Sono bastate queste poche righe, scritte nella dichiarazione dell’Eurogruppo sugli orientamenti di bilancio per il 2023 dai ministri delle Finanze dell’area euro, per ripiombare l’Italia nell’incubo dell’austerità.

I più ottimisti si erano illusi che le istituzioni europee, dopo i disastri economici vissuti dai Paesi periferici, avessero definitivamente messo in soffitta le richieste dei Paesi “frugali” per l’attuazione di politiche recessive in stile Grecia per i Paesi con alto debito come l’Italia.

Ma il peccato originale alla base dei trattati che hanno istituito l’euro continua a riproporsi ciclicamente, con buona pace di quanti parlano di Europa che ha superato il paradigma dell’austerità.

Olanda & soci sono convinti che dopo la condivisione parziale del debito post pandemia e con la crisi devastante che le sanzioni porteranno nell’economia dei Paesi europei, primo fra tutti l’Italia, i soliti “scrocconi” vogliano fare pagare al contribuente nord europeo le spese pazze delle cicale del sud. Una narrazione tanto falsa quanto unanimamente accettata dalle opinioni pubbliche dei Paesi “virtuosi”, ma che è alla base del rifiuto di cancellare il Patto di Stabilità, propendendo al massimo per una riforma “cosmetica” di singoli aspetti.

Le regole alla base dell’euro, pensate negli anni 90 in piena fase di assolutismo neo liberista, sono concepite per funzionare in una fase di crescita costante e illimitata, e affidarsi al mercato e solo al mercato per finanziare il debito pubblico equivale a condannare al suicidio i Paesi che si trovino in difficoltà, o abbandonarli alla speculazione durante le fasi di crisi, come è successo con la Grecia.

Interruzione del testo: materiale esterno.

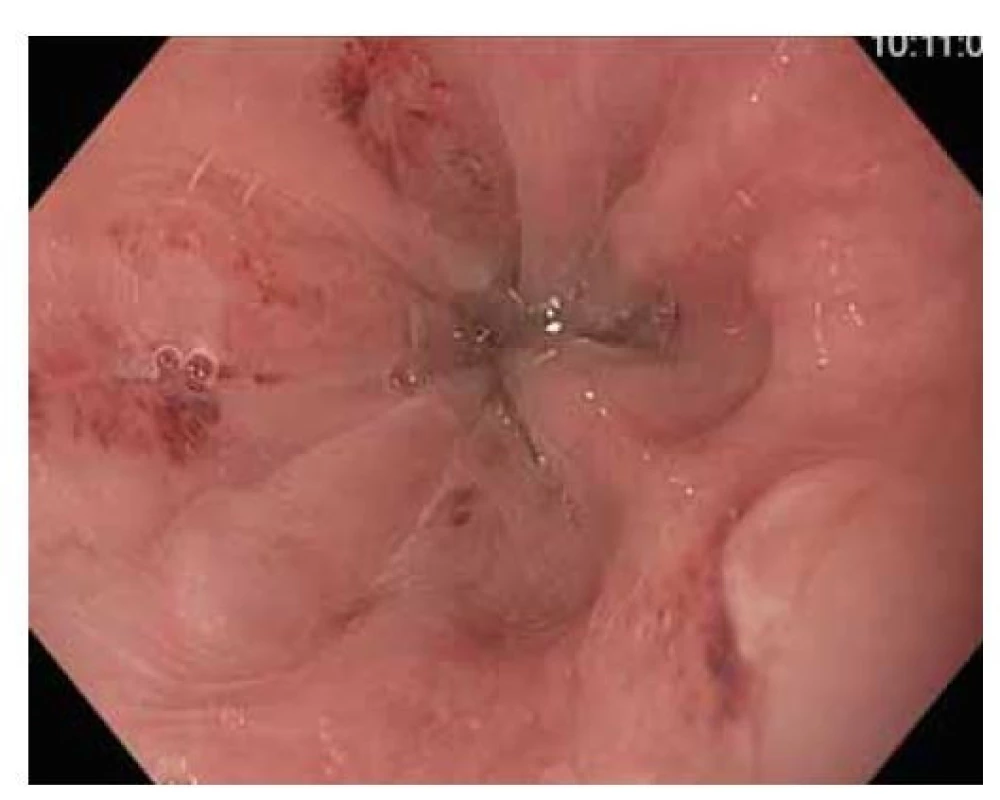 Pohled na EGJ prográdně po Stretta proceduře.<br>
Zdroj: Archiv Oddělení gastrointestinální endoskopie, ÚVN –
Vojenská fakultní nemocnice, Praha.<br>
Fig. 3. View of the EGJ progradely after the Stretta
procedure.<br>
Source: Department of Gastrointestinal Endoscopy archive,
Military University Hospital, Prague, Czech Republic.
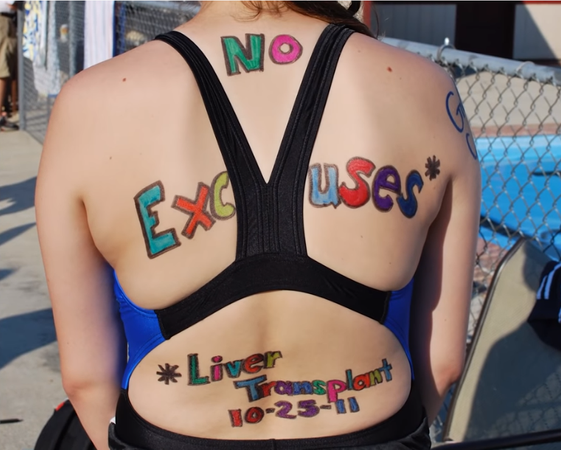 You see the back of a woman wearing a bathing suit. Written on her back in colorful letters is No Excuses. Liver Transplant 10-25-11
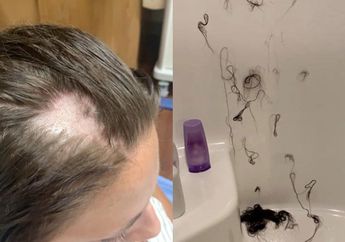 Gadis Ini Panik Saat Rambut Panjangnya Cuil dan Rontok Usai Pakai Conditioner, Ternyata karena Dicampur Krim Pencukur Rambut oleh Orang Iseng di Toko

D’altronde l’alternativa (una banca centrale prestatore di ultima istanza) significa mettere in comune i debiti, come avviene per Usa, Cina e tutti gli Stati, cosa che i membri dell’UE non vogliono fare, non rappresentando l’UE uno Stato o un popolo unico.

Prepariamoci dunque a “politiche fiscali” che mirino alla graduale riduzione del debito, che tradotto significa aumento delle tasse per diminuire l’ammontare del debito. Una politica che sappiamo essere fallimentare, visto che aumentando le tasse e tagliando gli investimenti il PIL diminuisce e quindi il debito, in proporzione, aumenta.

Lo hanno sperimentato a loro spese la Grecia e l’Italia, chiamate a grandi “sacrifici” che hanno portato alla fine a un maggiore indebitamento.

A questo punto c’è solo da capire su cosa punteranno per aumentare la pressione fiscale.

Draghi ha voluto, a costo di rischiare la crisi di governo, che la riforma del catasto venga portata avanti, come ci chiede l’Europa; vogliamo scommettere che proprio le nostre case siano entrate ora nel mirino dei falchi di Bruxelles?